▸ **Work item**: Once you reach the line with "Fototapeta premium A" below, copy each line exactly, stopping after the line with "iPhone 7 Plus", and skip any pictures.

▸ **Records supplied**:

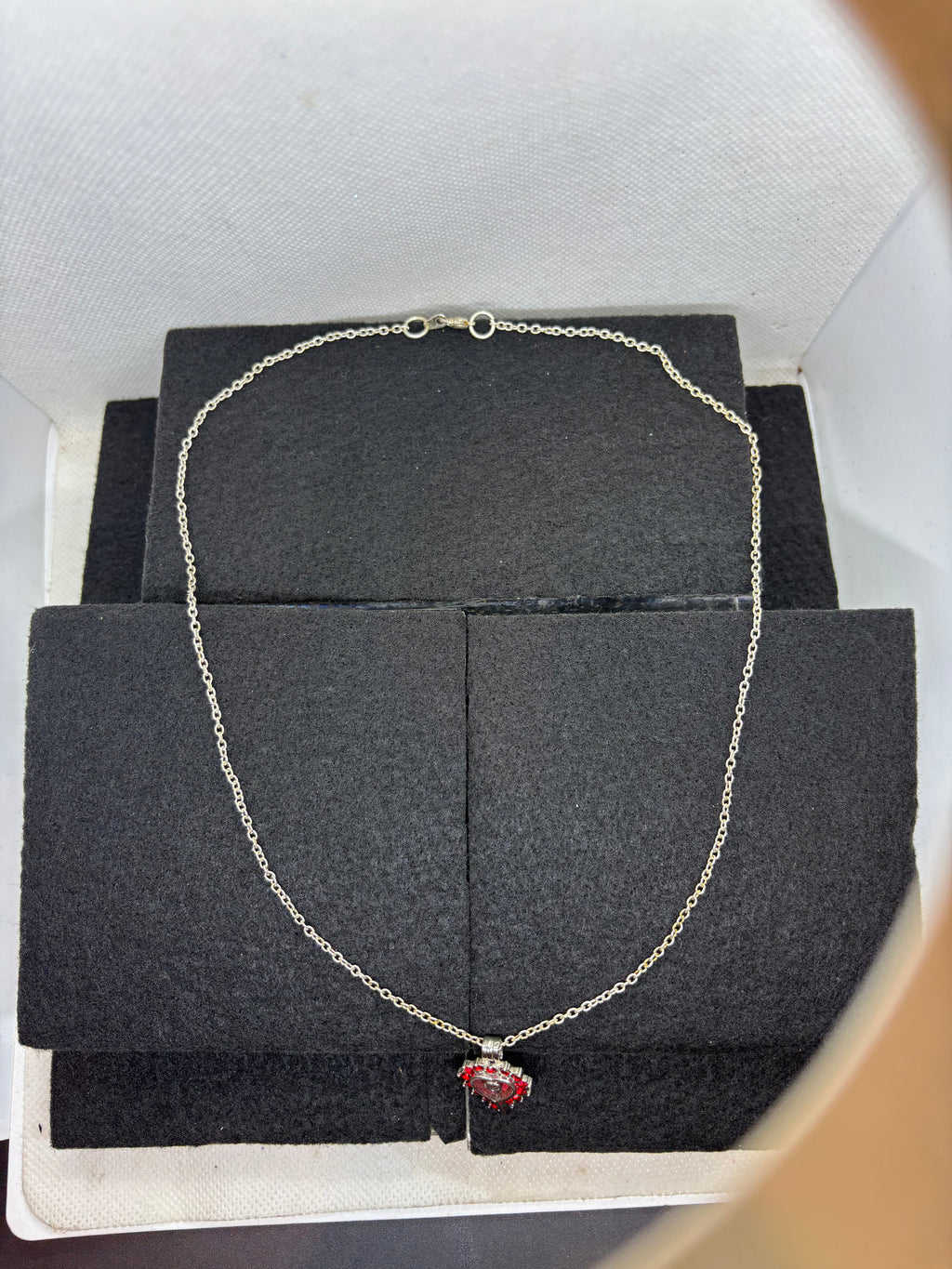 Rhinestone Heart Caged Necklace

* * *

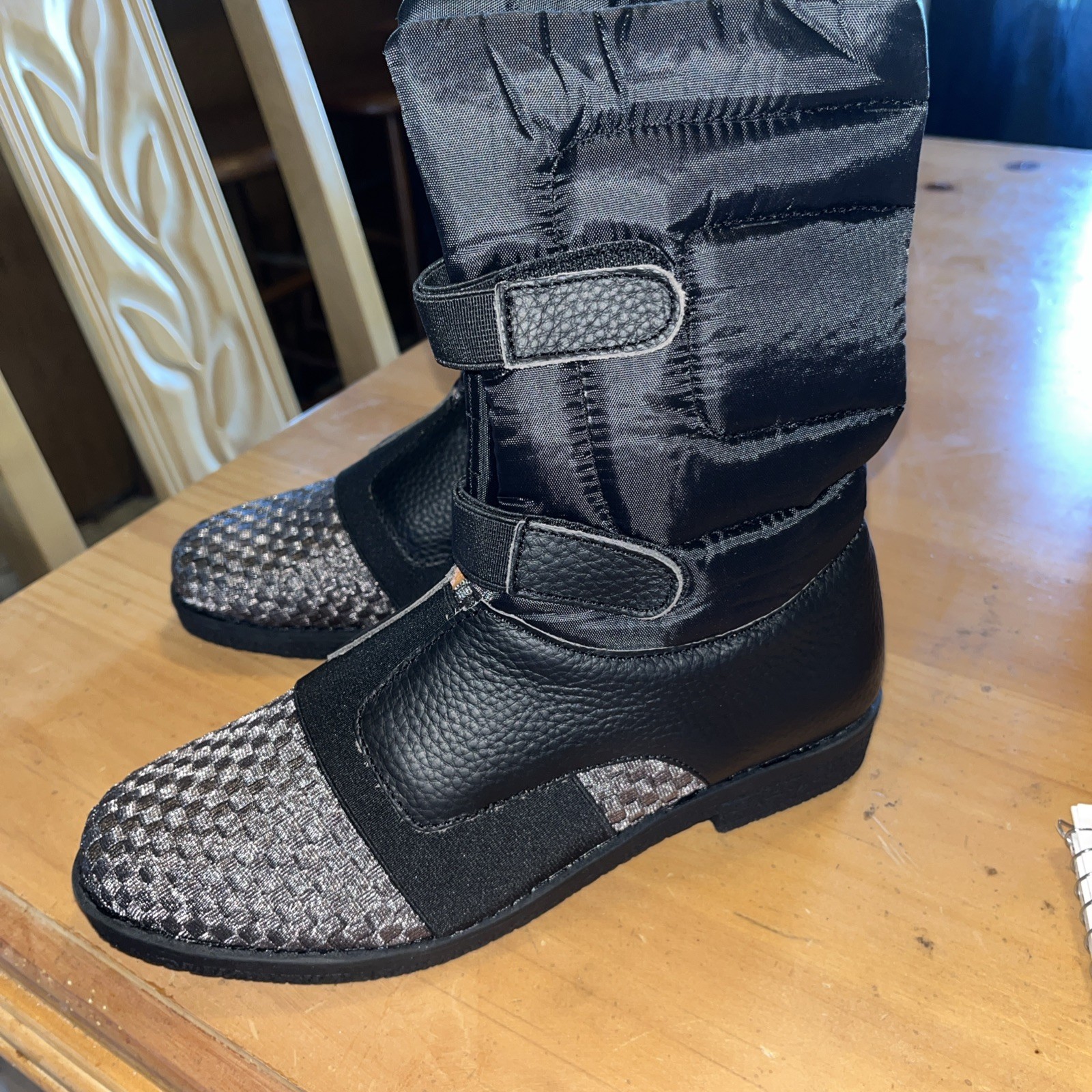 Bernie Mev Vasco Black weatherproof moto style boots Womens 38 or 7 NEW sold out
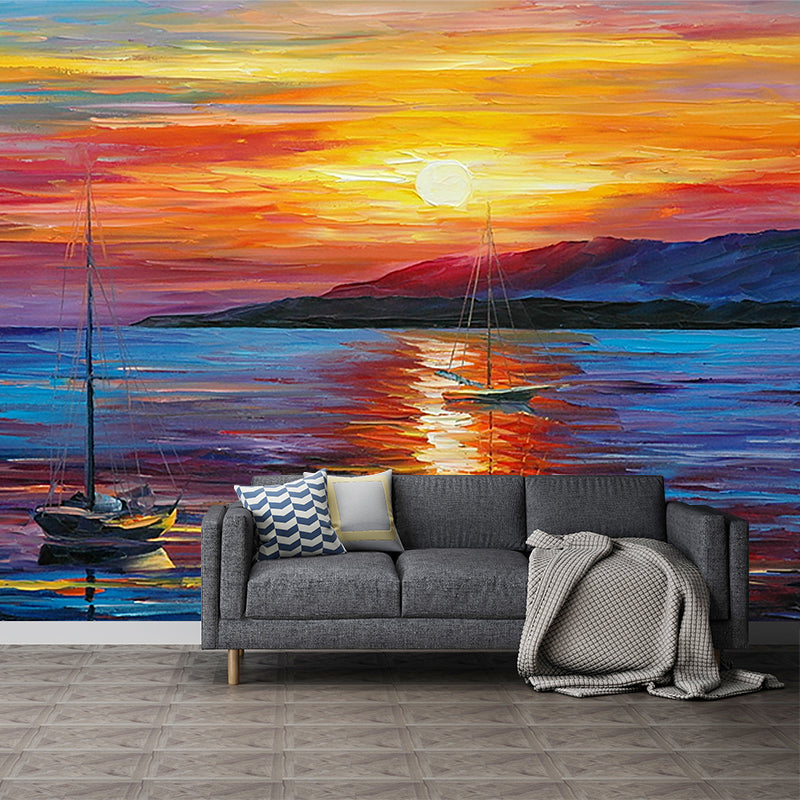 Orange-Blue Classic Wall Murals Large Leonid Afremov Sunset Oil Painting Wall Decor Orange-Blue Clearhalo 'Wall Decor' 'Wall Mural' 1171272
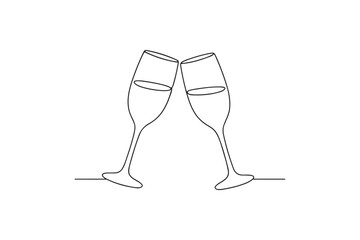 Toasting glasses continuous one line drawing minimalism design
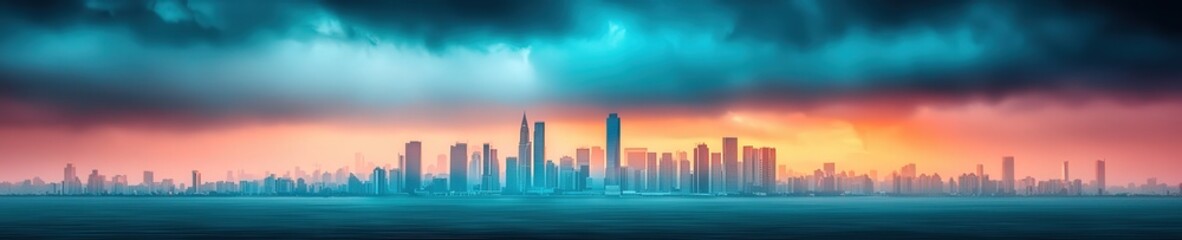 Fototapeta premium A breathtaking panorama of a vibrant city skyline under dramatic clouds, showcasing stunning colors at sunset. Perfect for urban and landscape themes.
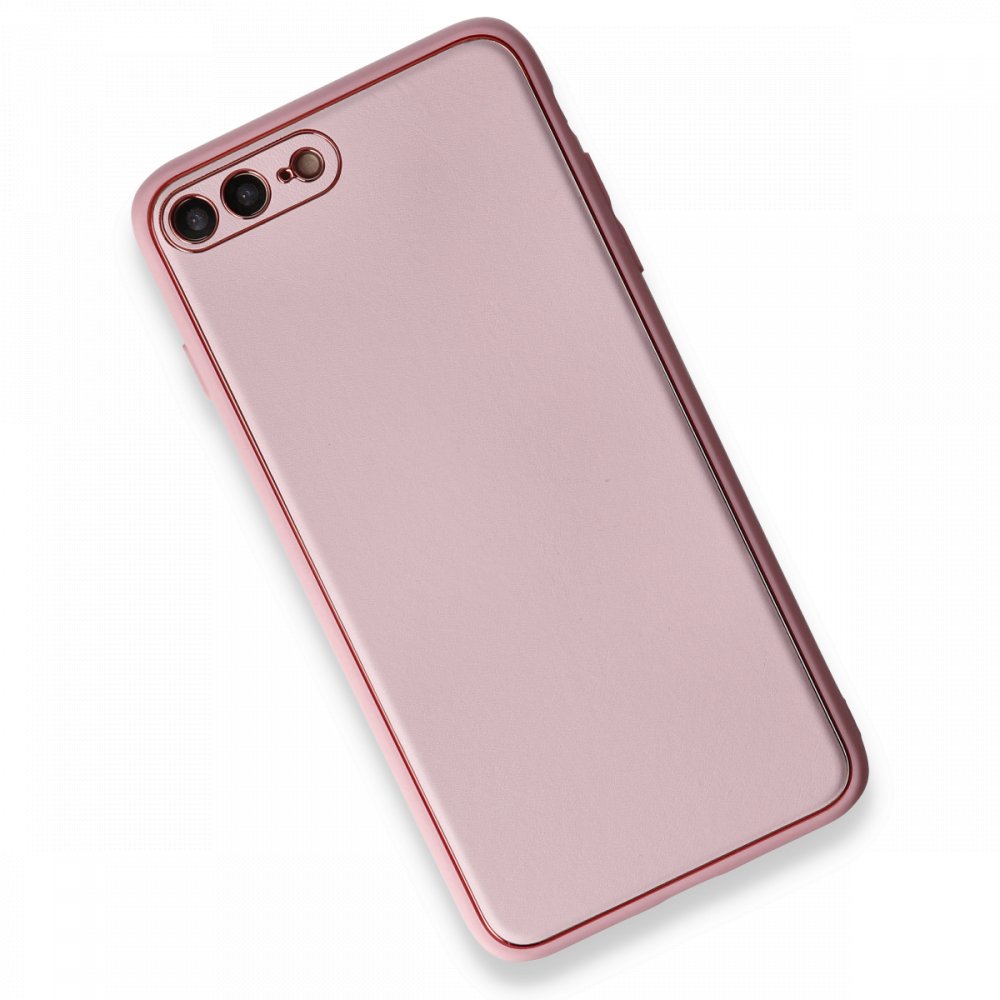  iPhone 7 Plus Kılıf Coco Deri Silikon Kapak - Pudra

▸ **Task result**:
 Fototapeta premium A breathtaking panorama of a vibrant city skyline under dramatic clouds, showcasing stunning colors at sunset. Perfect for urban and landscape themes.
  iPhone 7 Plus Kılıf Coco Deri Silikon Kapak - Pudra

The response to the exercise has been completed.